Greek Shipping Firms Unhappy With Tax Regime

Tax regime instability has been cited by Greek shipping companies as a reason why they would consider switching to an alternative jurisdiction, according to a report by EY.

The report, “Repositioning Greece as a Global Maritime Capital” found the lack of a stable regulatory regime and tax issues were “by far” the main disadvantages of Greece as a ship-management location. As a result, more than half of those surveyed would consider relocating their ship management functions with London, Dubai, and Singapore gave as the most favored destinations.

The results of the survey show that 69% of respondents saw Greece’s regulatory environment as a disadvantage, with tax matters cited as a negative factor by 62% of respondents.

Most of the respondents (84%) also said that the tax framework was their main concern when considering the jurisdiction of relocation.

Specifically, concerns were raised by survey respondents about plans under consideration by the EU Commission to increase the Greek tonnage tax, apply taxation on dividends and tax transfer or inheritance of shares.
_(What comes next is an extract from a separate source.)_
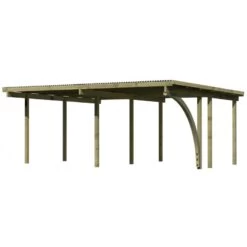 Carport En Pin Autoclave Avec Toit PVC 27,58m² + 1 Arc D'entrée Karibu -Outdoor Soldes carport en pin autoclave avec toit pvc 2758m 1 arc d entree karibu 2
The report concluded that “maintaining a stable tax framework and establishing a favorable tax environment for the relocation of expatriates is crucial for strengthening the position of Greece compared to emerging shipping centers.”

According to the union, there is no effective distortion of competition in the maritime field in the EU due to the current taxation scheme.

“Any fundamental changes to the institutional and fiscal framework in which the Greek shipping community is presently operating, would have unforeseeable consequences which would be detrimental not only for Greece but also for the rest of the EU as they would seriously undermine one of its most important strategic sectors which remain prominent internationally in the face of fierce competition” UGS said.

The union claims that the Greek institutional shipping regime predates the State Aid Guidelines (SAG) and that the Greek maritime framework constitutes pre-accession law, which was recognized during the accession of Greece to the EEC in 1981 and has not been questioned until now.

What is more, DG COMP’s present investigation and decision are not the result of a formal complaint, the union added.

The union further stressed that the 1997 Maritime SAG was not introduced in the form of an EU Directive or Regulation with a view to imposing uniformity of application across the Member States, but a flexible “soft law” to provide a framework, not a level playing field since even the levels of tonnage tax paid for vessels of the same size differ across the Member States.

The decision of the European Commission regarding the Greek shipping taxation system and its statement that it will be used as a precedent for the assessment of other EU shipping regimes will seriously disrupt the shipping sector in the EU after twenty years of successful growth without formal complaints and negligible intra-EU reflagging or re-establishment of shipping companies.

“The European Commission must focus on the strategic, commercial and international dimension of the EU shipping industry in its diversity and its potential mobility, rather than concentrate on the nominal or juridical aspects of compliance with the letter of the SAG within the EU. Otherwise, the Commission will undermine the confidence of shipping entrepreneurs and may encourage relocation of companies outside of Europe,” the union added.

The shipowners pointed out that the Greek shipping industry was never part of the debt problems of the Greek state, adding that the decision could undermine one of the Greek economy’s primary pillars at a time of exceptionally high unemployment and urgently needed growth prospects.

According to the Boston Consulting Group (BCG) and the Foundation for Economic and Industrial Research (IOBE) state, Greek shipping contributes over 7% of GDP, provides employment to 200,000 people and covers over 30% of the trade deficit.

Greece was given 2 months to inform the Commission whether it agrees to the measures proposed and to review which vessels are eligible under its system.